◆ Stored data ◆
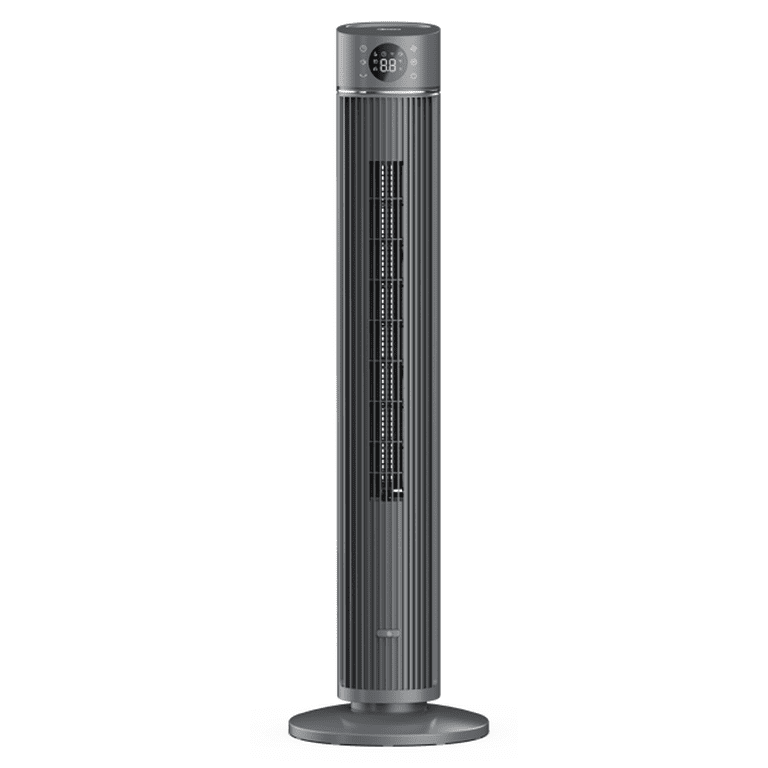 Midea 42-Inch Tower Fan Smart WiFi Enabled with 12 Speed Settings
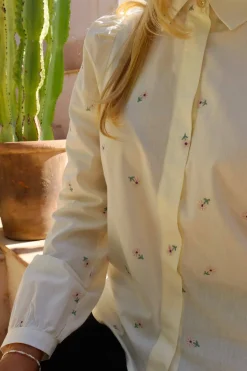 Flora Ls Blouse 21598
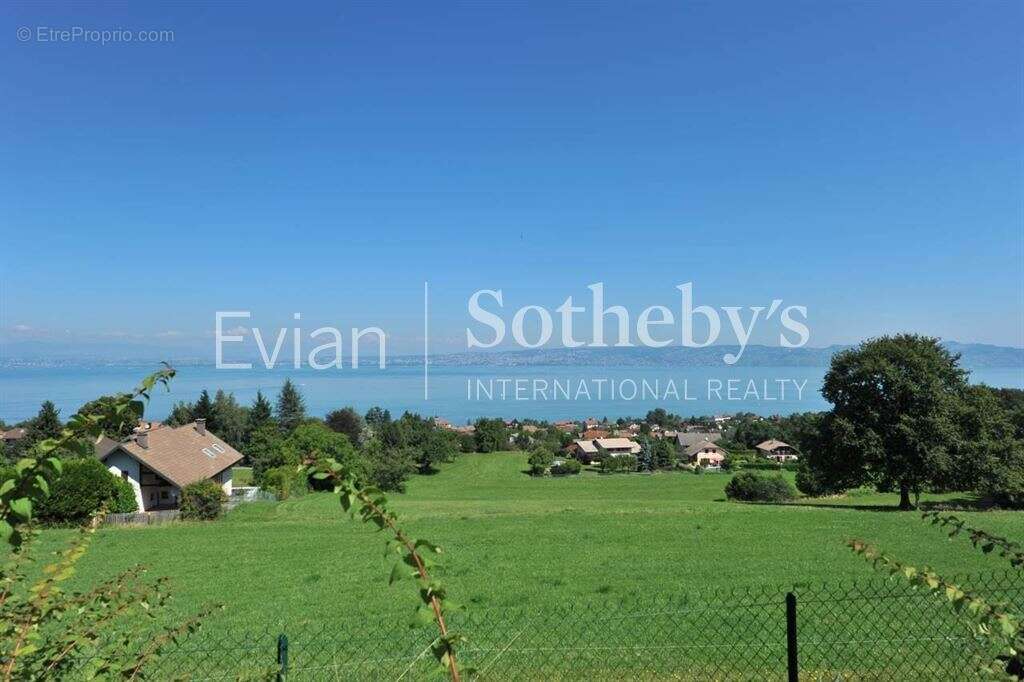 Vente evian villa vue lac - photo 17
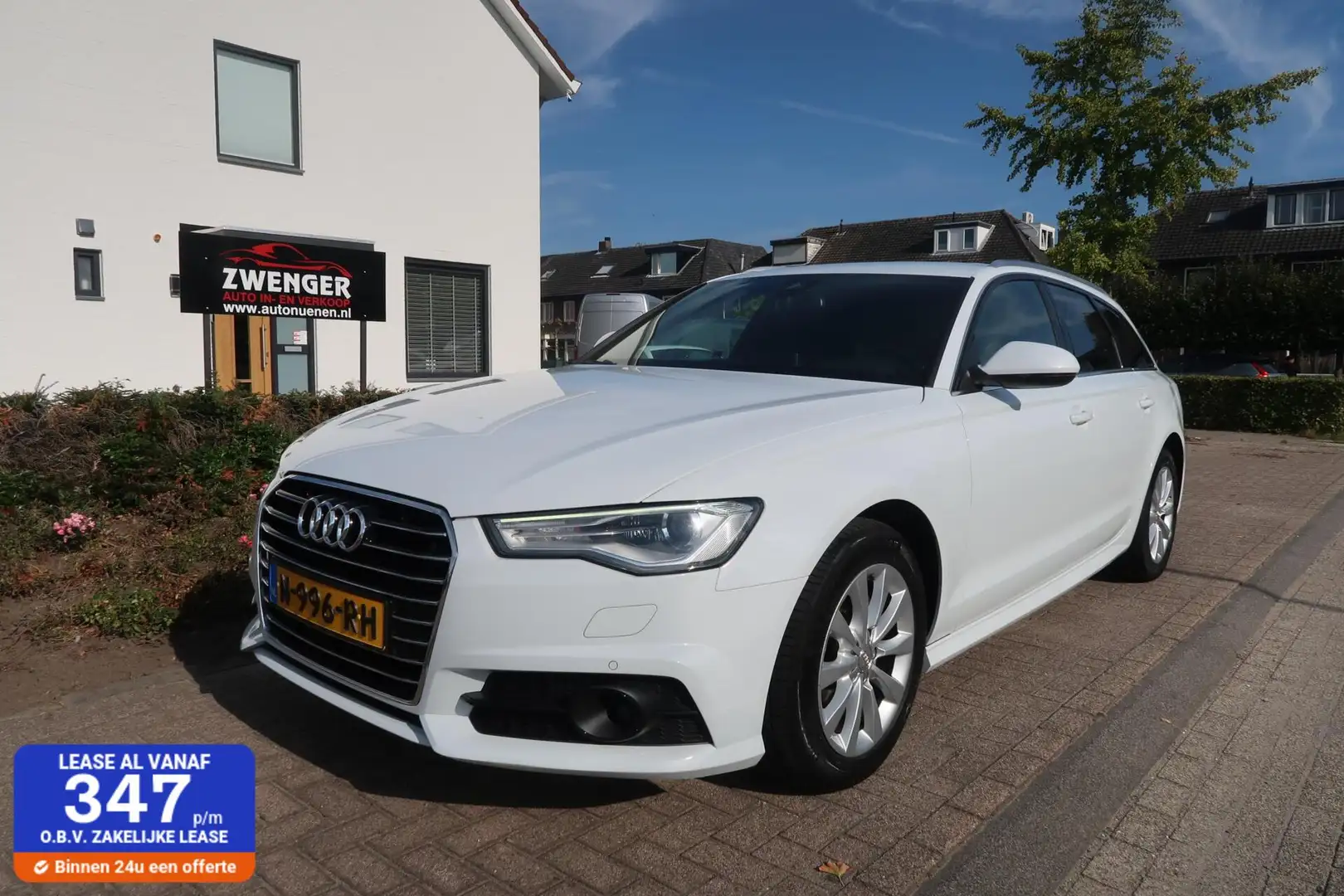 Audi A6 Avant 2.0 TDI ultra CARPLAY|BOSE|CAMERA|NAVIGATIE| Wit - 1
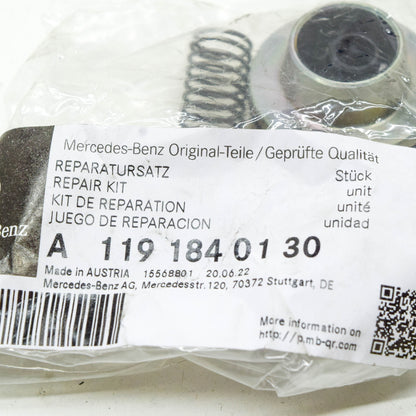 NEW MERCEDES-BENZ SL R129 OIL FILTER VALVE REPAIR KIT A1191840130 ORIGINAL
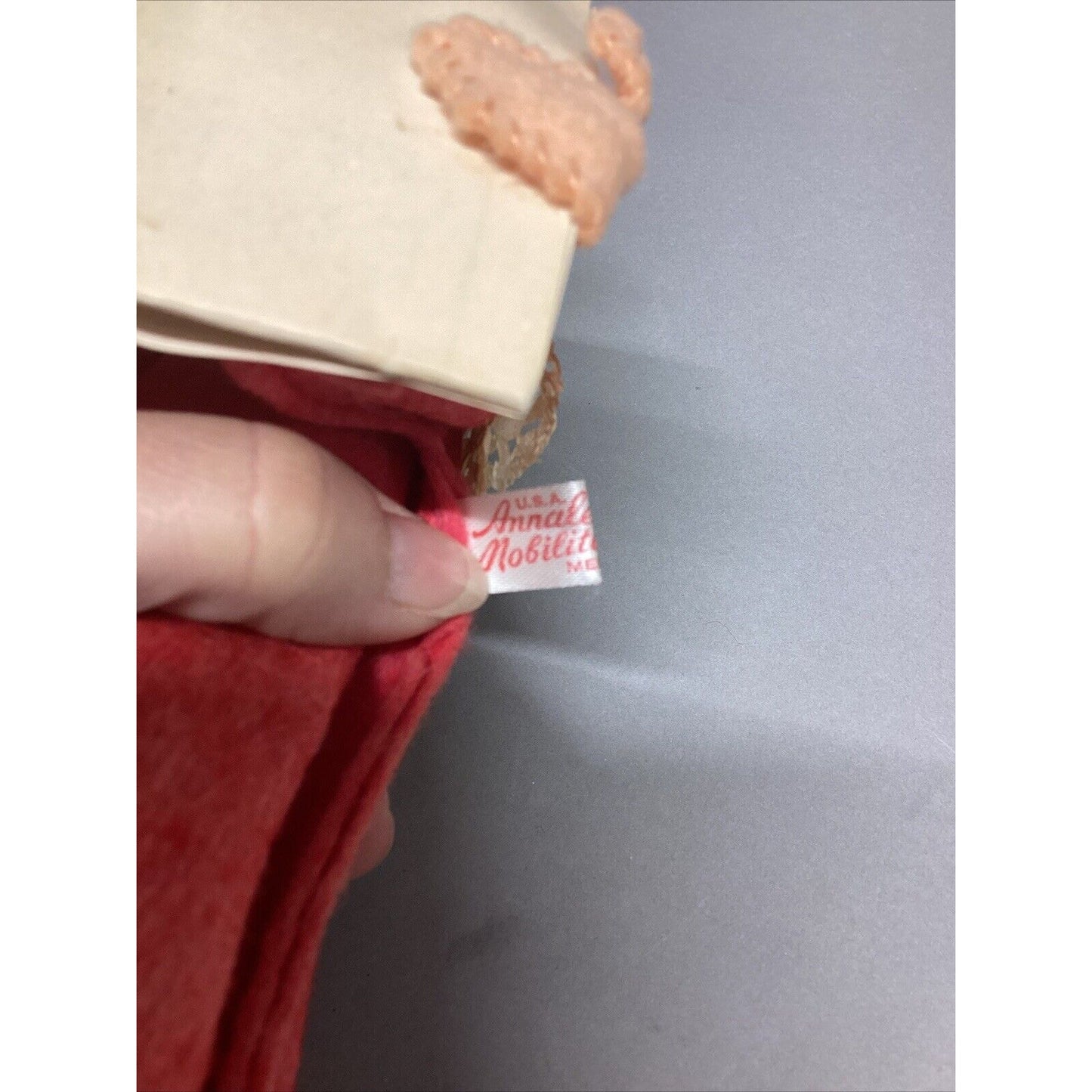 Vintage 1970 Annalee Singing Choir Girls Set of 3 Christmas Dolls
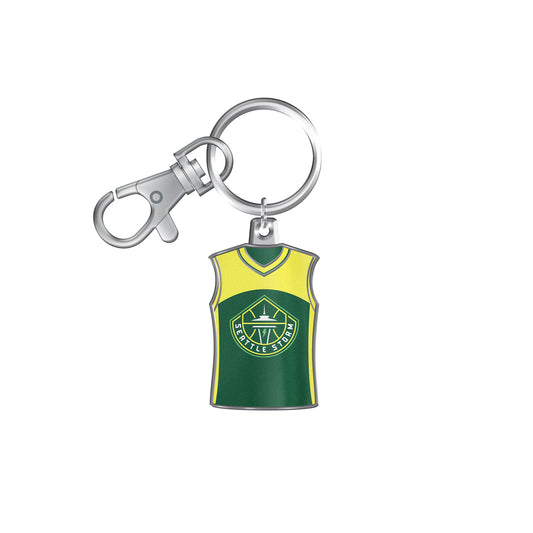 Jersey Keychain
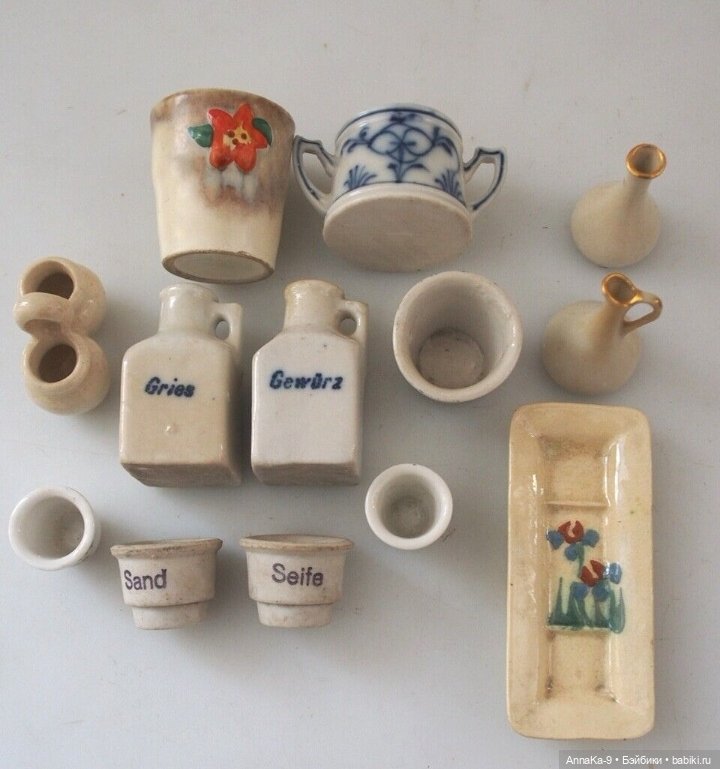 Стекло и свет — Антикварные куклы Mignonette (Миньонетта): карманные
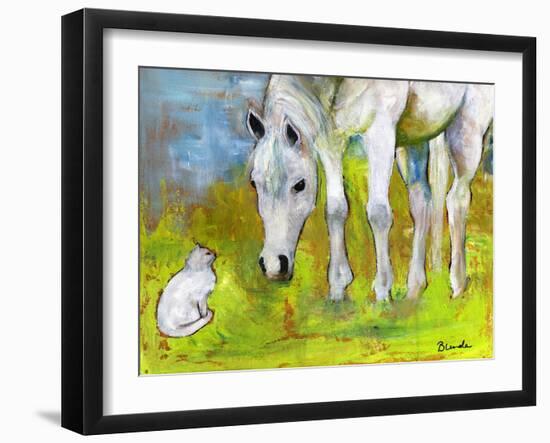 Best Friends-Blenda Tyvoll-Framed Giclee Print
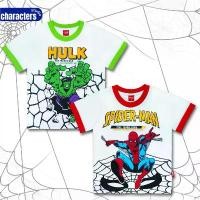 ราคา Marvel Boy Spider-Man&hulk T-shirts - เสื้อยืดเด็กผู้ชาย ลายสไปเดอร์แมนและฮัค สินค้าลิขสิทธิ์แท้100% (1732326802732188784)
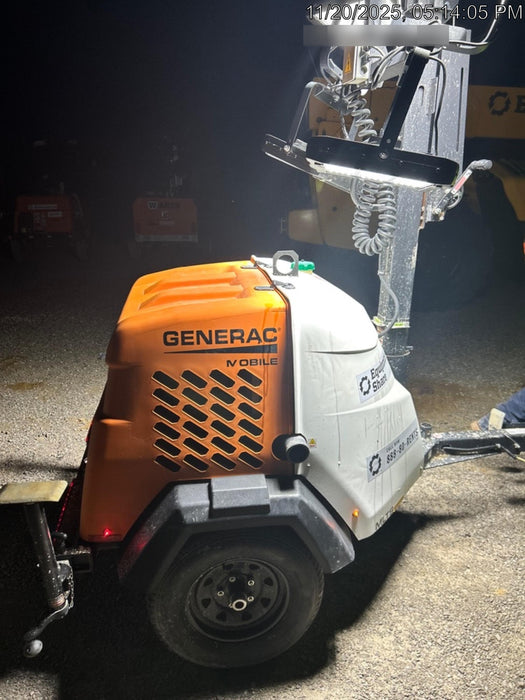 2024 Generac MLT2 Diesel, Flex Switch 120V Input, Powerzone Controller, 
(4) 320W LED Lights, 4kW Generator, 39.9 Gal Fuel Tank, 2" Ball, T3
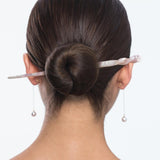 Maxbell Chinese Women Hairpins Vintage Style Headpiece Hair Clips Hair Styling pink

◆ REQUIRED WORK ◆
Return, exactly as they appear, the lines from the line containing "ราคา Marvel Boy" through the end of the records above, both ends included, without pictures.

◆ EXPECTED OUTPUT ◆
 ราคา Marvel Boy Spider-Man&hulk T-shirts - เสื้อยืดเด็กผู้ชาย ลายสไปเดอร์แมนและฮัค สินค้าลิขสิทธิ์แท้100% (1732326802732188784)
 2024 Generac MLT2 Diesel, Flex Switch 120V Input, Powerzone Controller, 
(4) 320W LED Lights, 4kW Generator, 39.9 Gal Fuel Tank, 2" Ball, T3
 Maxbell Chinese Women Hairpins Vintage Style Headpiece Hair Clips Hair Styling pink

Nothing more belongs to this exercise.